Now, some code from CAdvancedFileFind, showing its main logic. That is how we initialize: Store the parameter passed at FindFile and do heuristic to exclude most cases where "bugfix" is undesired.

BOOL CAdvancedFileFind::FindFile(LPCTSTR pstrName /* = NULL */,
                DWORD dwUnused
                /* = FIND_FIRST_EX_DO_EXACT_MATCH */)
{
  m_dwLastUnused = dwUnused; // for we can use it in FindNextFile
  m_bNeedFix = false;

  // in fact, this is just a hack: bug takes place when either
  // long name, or short name matches the mask, but in the name
  // of speed, we take following approach ...
  TCHAR *pstrStar = _tcsrchr(pstrName, _T('*'));
  TCHAR *pstrDot = _tcsrchr(pstrName, _T('.'));

  // ...bug takes place if ...

  // ...mask has star and has extension...
  if ((pstrStar != NULL) && (pstrDot != NULL) &&
    (FIND_FIRST_EX_DO_EXACT_MATCH == (dwUnused &
     FIND_FIRST_EX_DO_EXACT_MATCH)))
  {
    // ... and if star is in extension or extension is
    // 3 chars in length without star symbols ('?' symbol works
    // as normal symbol)

    // ... this does not cover some rare search masks
    m_bNeedFix = true;

    int c = 0;
    while (*pstrDot)
    {
      if (*pstrDot != '*')
        c++;
      pstrDot ++;
    }

        // this is commented out because it really behaves badly
    if ((c!=4))    // || (pstrDot > pstrStar))
      m_bNeedFix = false;
  }

  return CFileFind::FindFile(pstrName, dwUnused);
}

This is the main logic: FindNextFile changed from a single invocation of the API to repetitive invocations in cases where we need to fix the bug.

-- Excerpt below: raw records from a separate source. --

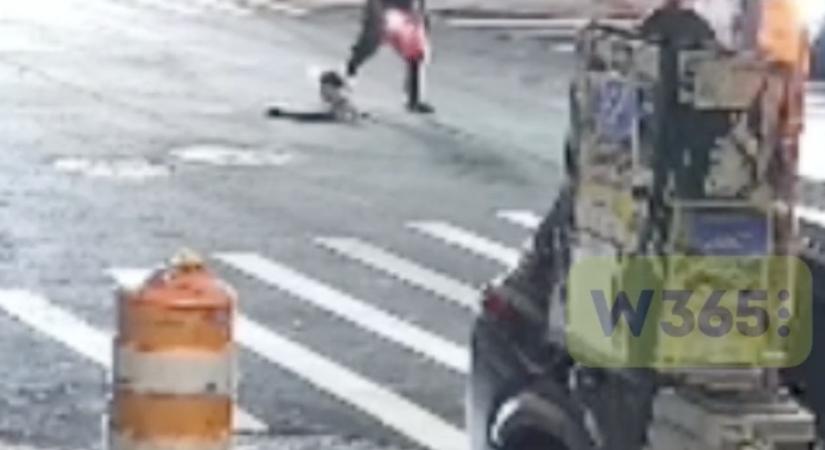 Emberek kezdtek le-fel járni a New York-i csatornanyílásokon, de senki sem tudja, hogy miért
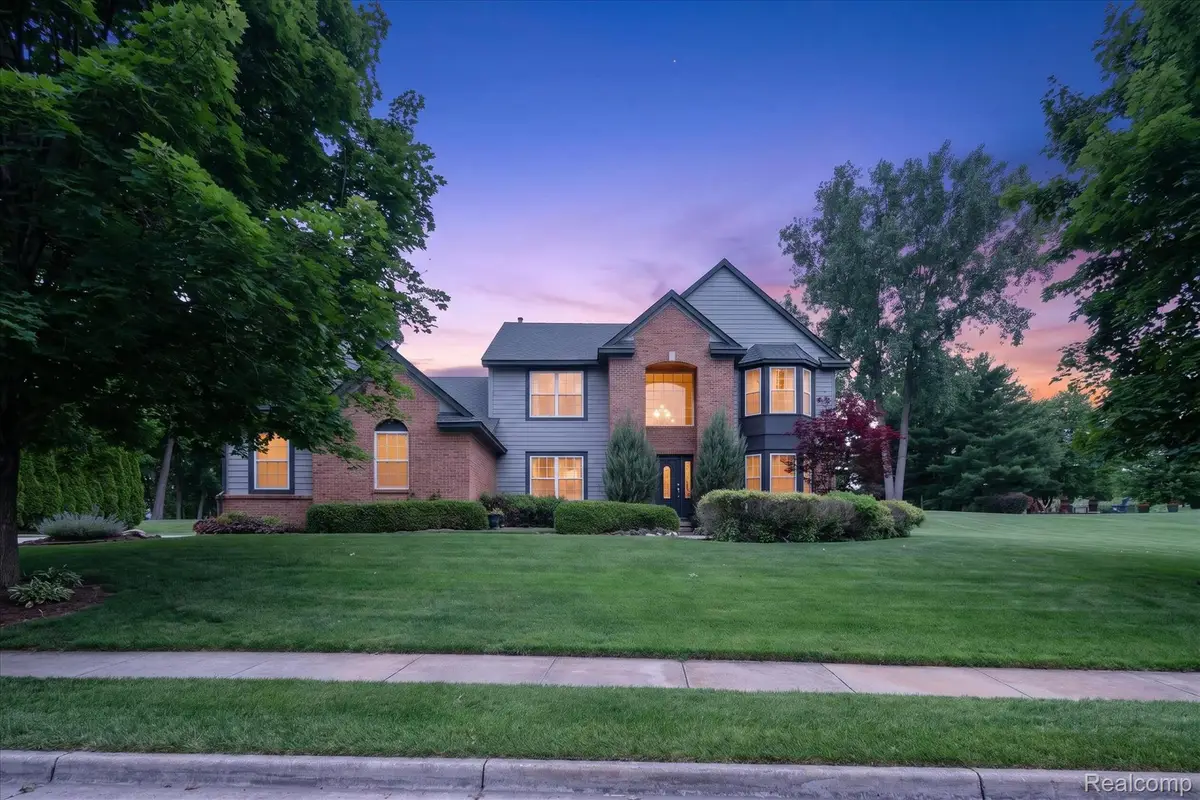 2333 Sandlewood Drive, White Lake, MI 48383 - #1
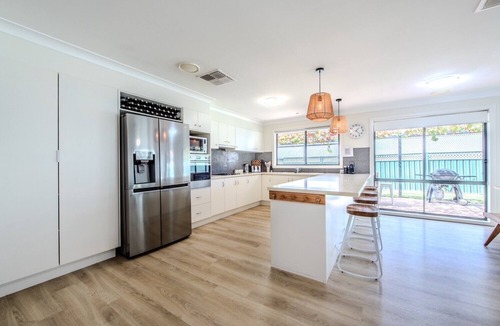 Dubbo House | Under the Grapevines with Pool & BBQ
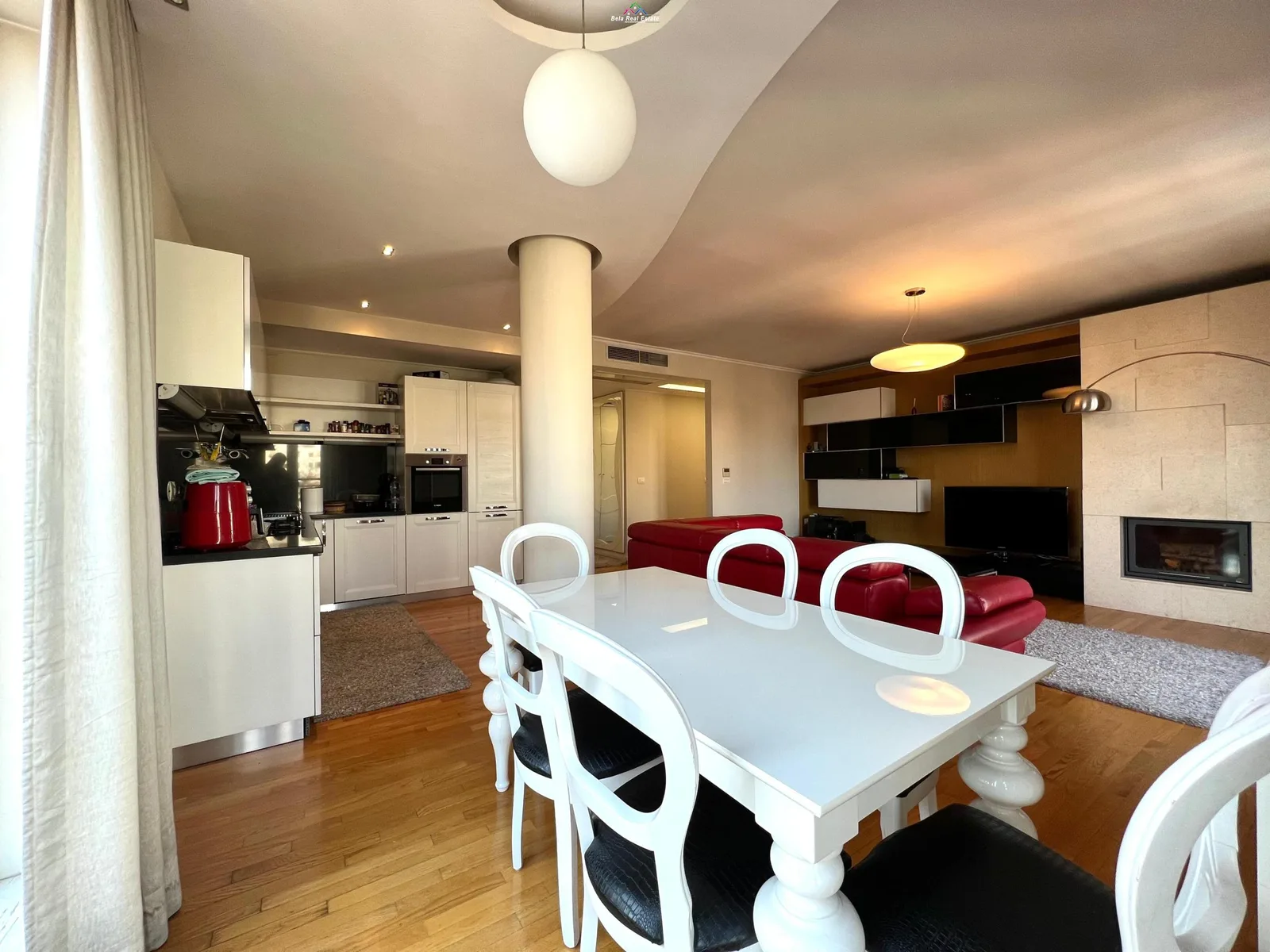 Apartament Me Qera 2+1+2 tek Blloku (ID B2201135) Tirane.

BOOL CAdvancedFileFind::FindNextFile()
{
  if (m_bGotLast)
  {
    SetLastError(ERROR_PATH_NOT_FOUND);
    m_bGotLast = FALSE;
    return FALSE;
  }
  BOOL bResult; DWORD dwErr;
  bResult = CFileFind::FindNextFile();
  dwErr = GetLastError();

  // FIX to MFC's bug! Guess they mean exactly that introducing
  // m_bGotLast member variable
  m_bGotLast = (bResult == FALSE) &&
               ( dwErr==ERROR_NO_MORE_FILES );

  // I really don't know why, but my system (Win2000 Pro, sp3)
  // returns ERROR_FILE_NOT_FOUND when search is Ok, or...
  // those M$-iers... this seems to be "the rule",
  // because shell32.dll uses the same condition as following "if"
  if ((m_bGotLast || (dwErr == ERROR_SUCCESS) ||
                     (dwErr == ERROR_FILE_NOT_FOUND)) &&
    (FIND_FIRST_EX_DO_EXACT_MATCH == (m_dwLastUnused &
     FIND_FIRST_EX_DO_EXACT_MATCH))
    )
    while(1)
    {
      if (HasFoundShortInsteadOfLong())
      {
        if (!bResult)    // if it was the last file...
        {
          // I hope no one will treat "ERROR_PATH_NOT_FOUND"
          // like "got the last file"... really should return
          // ERROR_NO_MORE_FILES but I guess lot of people are
          // already using it to detect "last file" condition,
          // damn! Microsoft really has to overwhelm the find
          // file facility!!!
          SetLastError(ERROR_PATH_NOT_FOUND);
          m_bGotLast = FALSE;
          break;
        }
        bResult = CFileFind::FindNextFile();

      } else {
        // find real match
        break;
      }
    }
  return bResult;
}

And this is the function that detects that the bug took its place... you may change it to "true" wildcard matching, if you like, and then throw off heuristic at the FileFind operation.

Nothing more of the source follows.